On Mon, 2008-12-22 at 13:47 -0600, Kenneth Marshall wrote: 
> Dear PostgreSQL developers,
> 
> I am re-sending this to keep this last change to the
> internal hash function on the radar.
> 

Hi Ken,

A few comments:

1. New patch with very minor changes attached.

2. I reverted the change you made to indices.sgml. We still don't use
WAL for hash indexes, and in my opinion we should continue to discourage
their use until we do use WAL. We can add back in the comment that hash
indexes are suitable for large keys if we have some results to show
that.

3. There was a regression test failure in union.sql because the ordering
of the results was different. I updated the regression test.

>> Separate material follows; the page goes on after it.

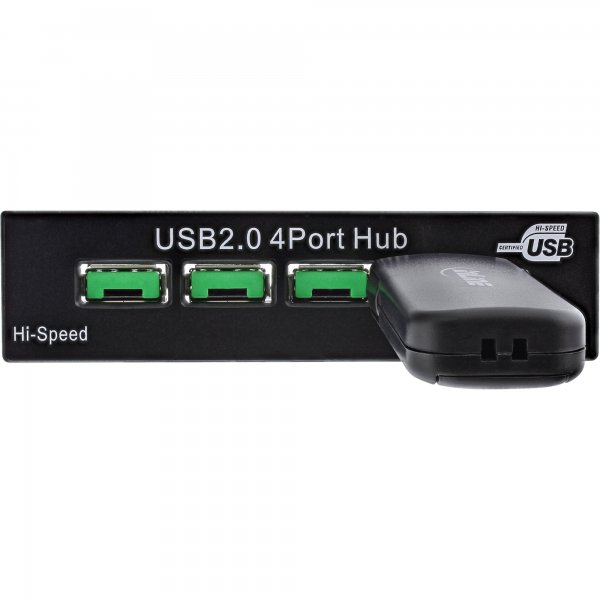InLine USB Portblocker Blocchi aggiuntivi per porte USB-A - Set 20pz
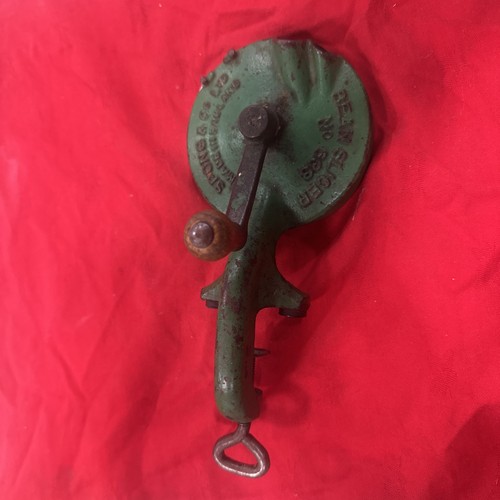 Vintage spong ltd no - vintage, co.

4. Hash functions affect a lot more than hash indexes, so I ran through
a variety of tests that use a HashAggregate plan. Test setup and results
are attached. These results show no difference between the old and the
new code (about 0.1% better).

5. The hash index build time shows some improvement. The new code won in
every instance in which a there were a lot of duplicates in the table
(100 distinct values, 50K of each) by around 5%.

The new code appeared to be the same or slightly worse in the case of
hash index builds with few duplicates (1000000 distinct values, 5 of
each). The difference was about 1% worse, which is probably just noise.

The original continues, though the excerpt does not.